Executive summary: yes. And the scietnific conclusion is that the human
role in atmospheric CO2 increases is our burning of fossil fuels, not
our breathing.
Quote: I'm thinking of a comparison of human breathing when the population
was 100,000 and today is 6 Billion people?
Yes, humans exhale CO2. That CO2 comes from burning (oxidizing) the
food that we eat, which is where the carbon comes from. Unless you
are losing weight, it does not come from the carbon you have stored in
your body.
Quote: What's the average amount of CO2 humans expel through breathing in one
year? Multiply this by 6 Billion people and wouldn't we be talking
about a lot of CO2 as compared to say 5,000 years ago?
We also store some of the carbon that we eat: since humans don't
photosynethsis, our food is the only source of carbon to build biomass. As
our weight (individually or collectively) increases, we store more carbon.
So, what you have to ask is, how much biomass is stored in humans, and
is it increasing or decreasing? What is the collective weight of 100,000
people (and the proportion of that total weight that is carbon), and
how does that compare to the total carbon stored in 6 billion people?

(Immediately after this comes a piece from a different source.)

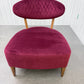 Crimson Velvet Fabric Casual Chair With Solid Oak Frame RRP £589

I don't even need to try a back-of-the-envelope calculation to know
that there is more carbon stored in people today than there was 5,000
years ago. This means that humans are a store of carbon, that the store is
increasing in size, thus removing carbon from the rest of the system. The
ultimate origin or human-stored carbon is plants, via photosynthesis
(albeit some comes indirectly through other animals we eat). The
photosynthesis has happened recently (days, weeks, months, perhaps years
if you left the food in the freezer too long). Thus, the CO2 that we
breath out today came out of the atmosphere (plant photosynthesis) very
recently, and we are just returning it back with no net change.
Humans are NOT the source of the increase of atmospheric CO2, at least
as far as humans breathing out CO2 is concerned.
When we burn fossil fuels, we are adding carbon (as CO2) to the
atmosphere that was removed millions of years ago, not recently. Thus, the
net effect is NOT balanced.
Quote: I doubt anyone will answer my questions because you're assumption is I
want to poke holes in the MAN MADE global warming theory.
Proven wrong: I've answered.
Quote: BTW - The debate is not whether Global Warming is happening. The
debate is whether human actions/activity is the cause. I give all the
blame to the Sun and the 6 Billion people breathing out CO2. Am I
wrong?
Yes. You are very, very wrong.
Quote: NOTE: I have no defense to offer to the fossil fuel burners but would
like to get some answers on what I have asked please. [holding breath
for replies, no pun intended]
Now, will you discuss my answer, or will you just continue spouting
your uninformed (or perhaps deliberately misleading) opinion?